▸ Exercise instructions: Only one stretch of the listing below is wanted. Give it again exactly, from the line with "V.2.4 Pompeii. June" through the line with "The guests are".

▸ Source data:

──────────

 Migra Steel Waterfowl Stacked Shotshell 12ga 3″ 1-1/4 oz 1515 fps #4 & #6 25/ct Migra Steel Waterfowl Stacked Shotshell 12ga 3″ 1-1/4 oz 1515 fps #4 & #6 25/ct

──────────

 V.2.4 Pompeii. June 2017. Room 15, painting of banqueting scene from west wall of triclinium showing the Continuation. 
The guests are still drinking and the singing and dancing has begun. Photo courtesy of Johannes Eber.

──────────

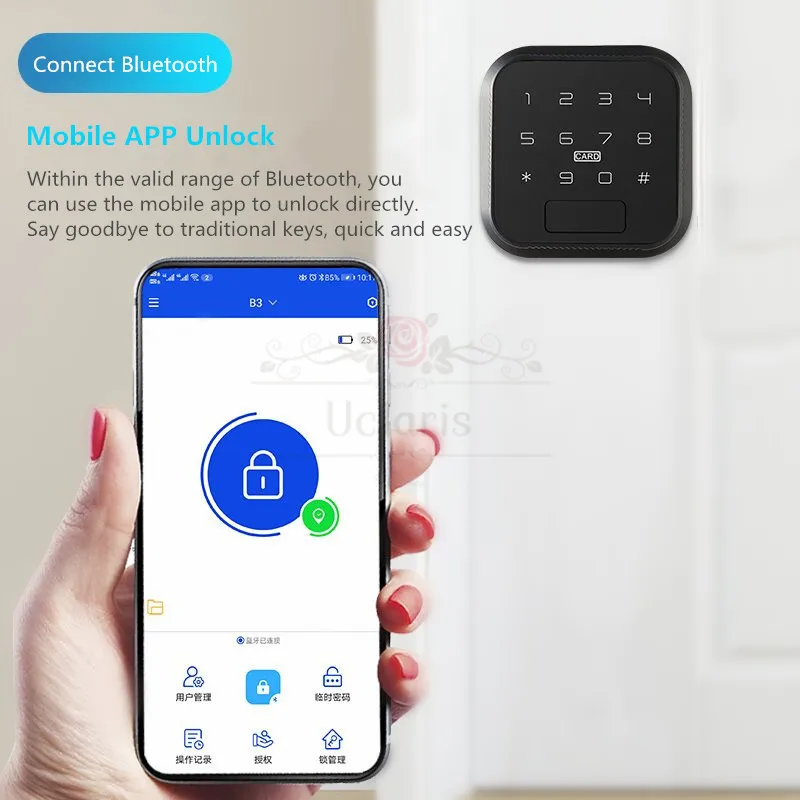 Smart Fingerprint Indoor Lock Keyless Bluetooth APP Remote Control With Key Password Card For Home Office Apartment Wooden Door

──────────

▸ Exercise response:
 V.2.4 Pompeii. June 2017. Room 15, painting of banqueting scene from west wall of triclinium showing the Continuation. 
The guests are still drinking and the singing and dancing has begun. Photo courtesy of Johannes Eber.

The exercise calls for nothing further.